Sonos’s first-floor offices are very welcoming and have a cool vibe that’s befitting of the brand – products are displayed in a relaxing living-room environment, with sofas and shelves. There’s also a dem room, where ERT meets John Gahagan, Sonos’s UK country director. He joined the business in January 2013 and heads up a team of around 35 people, including sales, marketing and operations.
“We moved here in May – the beauty of this place is the musical history,” he says.
“Over 100 years ago, the Gramophone and Typewriter Company set up here and they started making horned gramophones – that grew into His Master’s Voice, which then became EMI.
“Stereo was developed here – if you Google ‘stereo development’ you’ll find one of the first stereo recordings called Trains at Hayes – it was made 200 yards from us.”
He adds: “The plans for this place are fantastic – it’s going to become a creative, technology- and music-focused site.

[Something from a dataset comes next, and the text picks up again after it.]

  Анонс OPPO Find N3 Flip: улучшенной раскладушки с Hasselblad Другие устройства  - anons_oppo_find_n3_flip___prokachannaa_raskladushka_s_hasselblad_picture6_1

It’s so right for us to be here.
“There’s a saying in the Sonos business – ‘we’re a company of music lovers making things for music lovers’, which is true. Everyone at Sonos loves music.
“That passion and the innovation that comes with it has kept us where we are [in the market] and, I hope, will keep us there for a lot longer. We have a very strong focus on sound quality, first and foremost, and then we back it up with innovative technology to make it accessible, understandable and controllable for people.”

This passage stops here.